Exercise brief
Every line below from the one containing "Обложка Rakhim - Синий Lamborghini" through the one containing "Puzzle für Erwachsene, 500" must be transcribed exactly. Omit all lines outside that stretch.

Data records
=-=-=

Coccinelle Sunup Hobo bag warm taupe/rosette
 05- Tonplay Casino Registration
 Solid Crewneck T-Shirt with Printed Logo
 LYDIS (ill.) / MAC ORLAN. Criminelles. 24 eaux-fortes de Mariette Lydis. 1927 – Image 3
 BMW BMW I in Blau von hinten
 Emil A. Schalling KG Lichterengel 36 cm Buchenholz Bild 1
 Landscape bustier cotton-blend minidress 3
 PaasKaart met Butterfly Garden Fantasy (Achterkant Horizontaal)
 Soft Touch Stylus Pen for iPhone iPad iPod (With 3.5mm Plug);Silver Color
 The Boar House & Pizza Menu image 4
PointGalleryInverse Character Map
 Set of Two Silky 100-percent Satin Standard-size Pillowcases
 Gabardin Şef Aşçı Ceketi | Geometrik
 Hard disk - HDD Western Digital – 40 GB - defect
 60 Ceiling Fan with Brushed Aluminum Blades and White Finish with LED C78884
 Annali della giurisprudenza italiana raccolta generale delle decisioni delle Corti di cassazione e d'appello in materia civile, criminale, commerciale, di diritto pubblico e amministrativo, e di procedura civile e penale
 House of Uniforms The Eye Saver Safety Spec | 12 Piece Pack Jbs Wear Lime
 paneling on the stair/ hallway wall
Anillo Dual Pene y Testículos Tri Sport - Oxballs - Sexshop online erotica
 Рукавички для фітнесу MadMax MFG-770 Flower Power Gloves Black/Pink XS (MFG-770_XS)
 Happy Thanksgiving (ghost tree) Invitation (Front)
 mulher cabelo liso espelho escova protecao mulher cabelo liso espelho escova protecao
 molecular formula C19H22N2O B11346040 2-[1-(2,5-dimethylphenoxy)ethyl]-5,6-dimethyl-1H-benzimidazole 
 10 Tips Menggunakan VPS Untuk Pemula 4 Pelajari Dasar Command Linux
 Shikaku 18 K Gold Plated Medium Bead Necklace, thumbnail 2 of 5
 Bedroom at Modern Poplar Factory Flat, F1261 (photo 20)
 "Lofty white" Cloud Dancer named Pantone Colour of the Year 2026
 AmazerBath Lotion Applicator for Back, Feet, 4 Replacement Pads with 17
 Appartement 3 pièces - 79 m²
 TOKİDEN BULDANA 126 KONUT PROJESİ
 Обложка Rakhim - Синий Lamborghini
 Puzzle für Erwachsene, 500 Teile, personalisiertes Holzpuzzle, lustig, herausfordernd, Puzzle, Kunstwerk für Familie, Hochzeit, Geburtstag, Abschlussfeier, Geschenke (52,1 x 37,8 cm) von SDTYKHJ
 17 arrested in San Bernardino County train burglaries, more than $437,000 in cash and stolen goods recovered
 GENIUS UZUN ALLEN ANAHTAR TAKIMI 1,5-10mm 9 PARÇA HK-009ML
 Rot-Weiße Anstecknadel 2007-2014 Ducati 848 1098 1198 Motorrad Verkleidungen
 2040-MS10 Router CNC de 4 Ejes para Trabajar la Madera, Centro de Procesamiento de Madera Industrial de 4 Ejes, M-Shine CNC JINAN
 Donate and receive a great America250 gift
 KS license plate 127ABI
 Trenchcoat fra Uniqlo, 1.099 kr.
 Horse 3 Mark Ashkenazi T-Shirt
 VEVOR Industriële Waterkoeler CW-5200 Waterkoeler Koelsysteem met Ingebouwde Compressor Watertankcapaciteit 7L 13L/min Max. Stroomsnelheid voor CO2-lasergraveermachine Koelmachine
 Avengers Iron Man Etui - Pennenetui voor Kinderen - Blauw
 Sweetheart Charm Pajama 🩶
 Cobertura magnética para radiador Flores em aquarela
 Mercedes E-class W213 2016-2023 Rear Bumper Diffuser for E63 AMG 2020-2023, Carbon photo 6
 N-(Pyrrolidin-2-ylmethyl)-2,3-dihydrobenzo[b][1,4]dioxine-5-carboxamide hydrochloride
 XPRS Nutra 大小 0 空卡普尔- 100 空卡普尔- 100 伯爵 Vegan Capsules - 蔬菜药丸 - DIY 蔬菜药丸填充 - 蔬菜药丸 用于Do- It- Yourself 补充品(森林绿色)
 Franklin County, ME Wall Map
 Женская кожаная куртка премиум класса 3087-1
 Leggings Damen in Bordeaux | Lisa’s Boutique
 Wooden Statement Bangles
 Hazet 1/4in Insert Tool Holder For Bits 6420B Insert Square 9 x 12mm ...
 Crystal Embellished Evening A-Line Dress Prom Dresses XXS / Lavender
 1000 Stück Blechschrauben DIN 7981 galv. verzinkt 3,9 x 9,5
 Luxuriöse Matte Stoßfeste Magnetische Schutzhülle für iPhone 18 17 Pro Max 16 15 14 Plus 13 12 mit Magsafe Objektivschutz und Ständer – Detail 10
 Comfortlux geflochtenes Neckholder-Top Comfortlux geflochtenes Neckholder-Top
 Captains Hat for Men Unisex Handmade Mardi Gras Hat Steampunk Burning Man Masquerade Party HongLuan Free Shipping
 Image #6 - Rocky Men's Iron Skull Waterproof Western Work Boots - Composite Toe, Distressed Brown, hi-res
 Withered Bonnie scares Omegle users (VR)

=-=-=

Result for this task
 Обложка Rakhim - Синий Lamborghini
 Puzzle für Erwachsene, 500 Teile, personalisiertes Holzpuzzle, lustig, herausfordernd, Puzzle, Kunstwerk für Familie, Hochzeit, Geburtstag, Abschlussfeier, Geschenke (52,1 x 37,8 cm) von SDTYKHJ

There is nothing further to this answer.